You are viewing a plain text version of this content. The canonical link for it is here.
Posted to java-user@lucene.apache.org by Dennis Kubes <nu...@dragonflymc.com> on 2006/03/30 19:09:07 UTC
writeChars method in IndexOutput
I was reading up on conversion of characters to UTF-8 and I now understand
why it is writing out UTF-8 (to be able to support most of the worlds
languages with minimal space?).
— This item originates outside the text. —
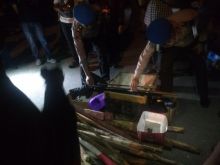 Belasan Bom Molotov siap ledak dan senjata tajam diamankan kepolisian saat menyisir lokasi tawuran di Rumbai Pesisir. (Foto.amri)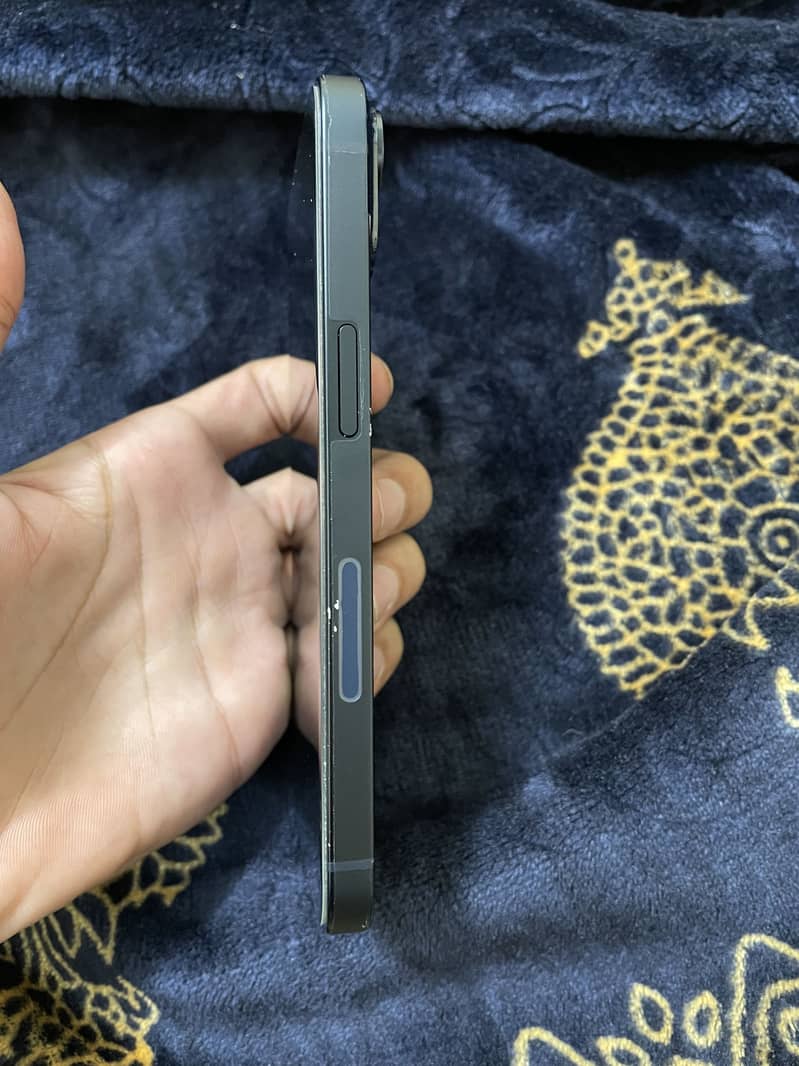 Apple iPhone 14 1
But after reading up on the algorithms for
conversion as given below, does the writeChars method not support the
U+10000→U+10FFFF conversions or am I misreading the code?
Character Range
Bit Encoding
U+0000→U+007F
0xxxxxxx
U+0080→U+07FF
110xxxxx 10xxxxxx
U+0800→U+FFFF
1110xxxx 10xxxxxx 10xxxxxx
U+10000→U+10FFFF
11110xxx 10xxxxxx 10xxxxxx 10xxxxxx
public void writeChars(String s, int start, int length)
throws IOException {
final int end = start + length;
for (int i = start; i < end; i++) {
final int code = (int)s.charAt(i);
if (code >= 0x01 && code <= 0x7F)
writeByte((byte)code);
else if (((code >= 0x80) && (code <= 0x7FF)) || code == 0) {
writeByte((byte)(0xC0 | (code >> 6)));
writeByte((byte)(0x80 | (code & 0x3F)));
}
else {
writeByte((byte)(0xE0 | (code >>> 12)));
writeByte((byte)(0x80 | ((code >> 6) & 0x3F)));
writeByte((byte)(0x80 | (code & 0x3F)));
}
}
}
Re: writeChars method in IndexOutput
Posted by Yonik Seeley <ys...@gmail.com>.
On 3/30/06, Dennis Kubes <nu...@dragonflymc.com> wrote:
> Is this modified UTF-8 such as is found in DataInput interface?
Yes, I believe so.
-Yonik
http://incubator.apache.org/solr Solr, The Open Source Lucene Search Server
> -----Original Message-----
> From: Yonik Seeley [mailto:yseeley@gmail.com]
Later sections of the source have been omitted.